Source data >>
━━━━━━━━━━━━━━━━━━━━

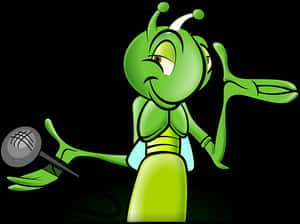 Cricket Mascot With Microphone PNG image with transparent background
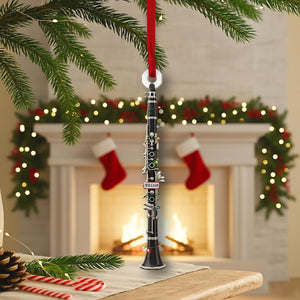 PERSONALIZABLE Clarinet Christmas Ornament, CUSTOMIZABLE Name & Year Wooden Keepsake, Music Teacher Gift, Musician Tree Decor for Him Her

━━━━━━━━━━━━━━━━━━━━

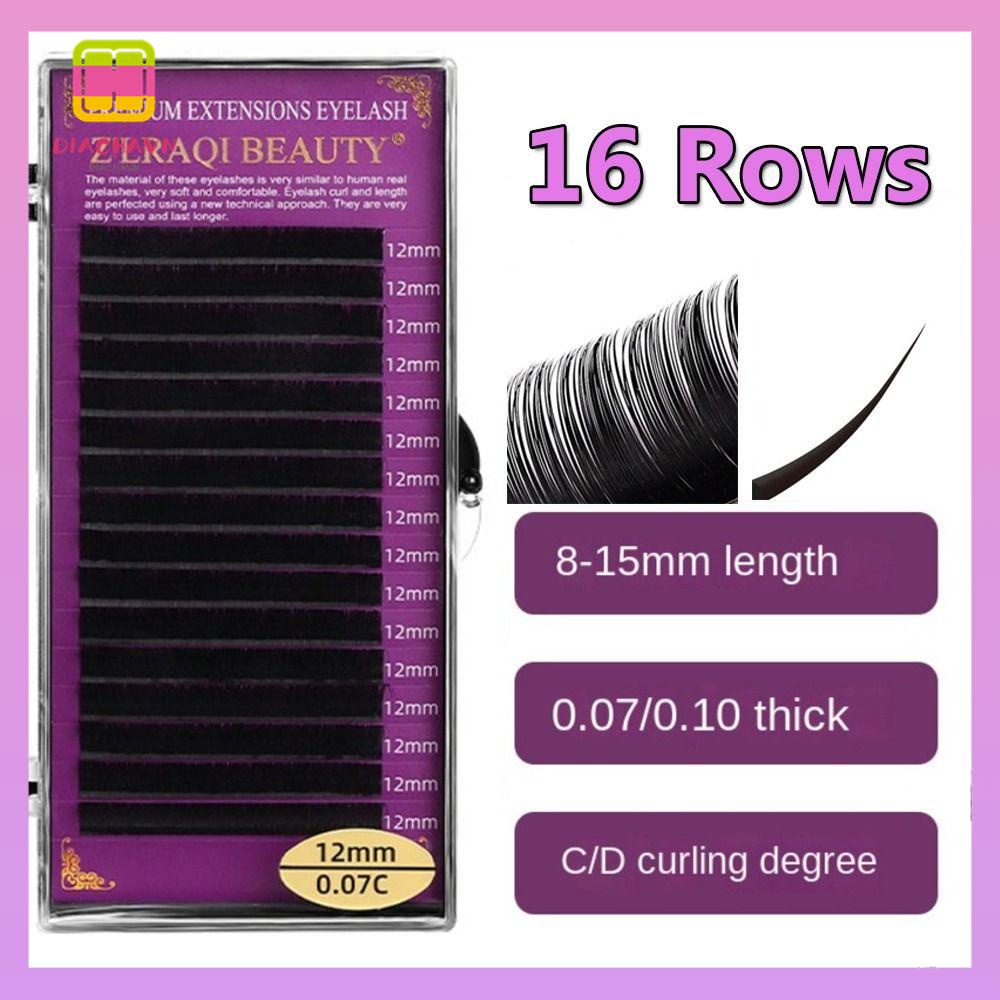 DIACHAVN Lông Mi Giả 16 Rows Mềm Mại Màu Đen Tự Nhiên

━━━━━━━━━━━━━━━━━━━━

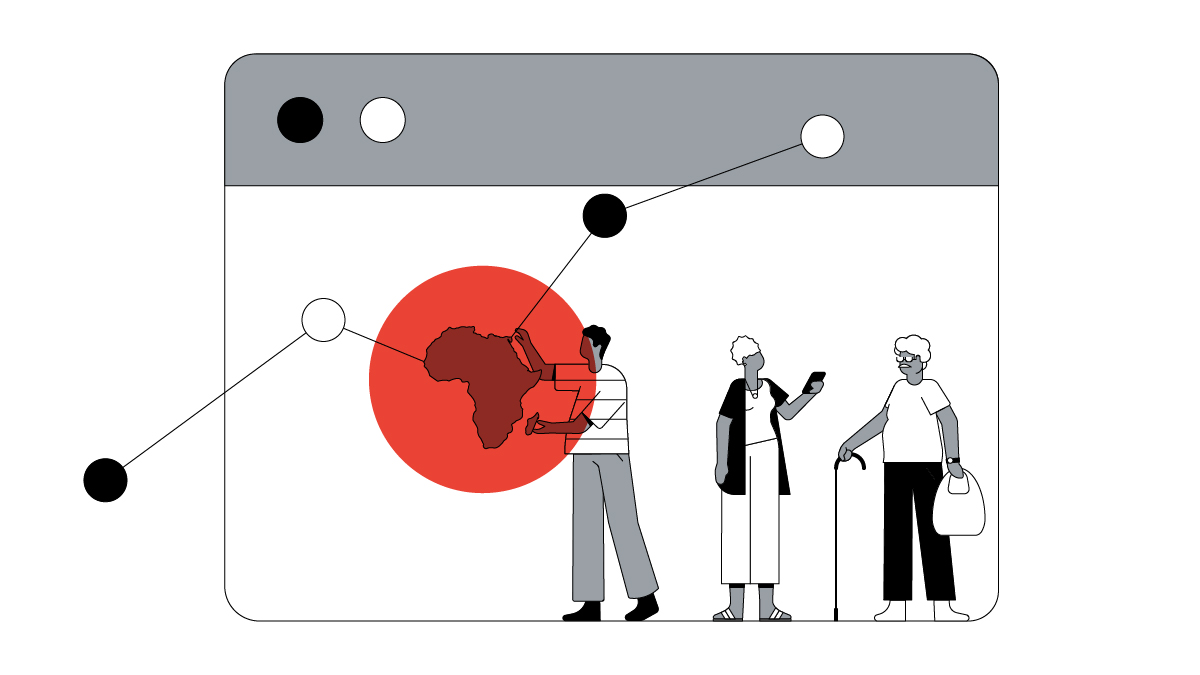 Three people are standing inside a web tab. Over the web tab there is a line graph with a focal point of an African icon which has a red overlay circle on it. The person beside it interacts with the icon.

━━━━━━━━━━━━━━━━━━━━

Prompt >>
Working from the entries above, reproduce exactly and only the lines beginning with the line that has "Cricket Mascot With" and ending with the line that has "PERSONALIZABLE Clarinet Christmas"; omit all pictures.

The answer >>
 Cricket Mascot With Microphone PNG image with transparent background
 PERSONALIZABLE Clarinet Christmas Ornament, CUSTOMIZABLE Name & Year Wooden Keepsake, Music Teacher Gift, Musician Tree Decor for Him Her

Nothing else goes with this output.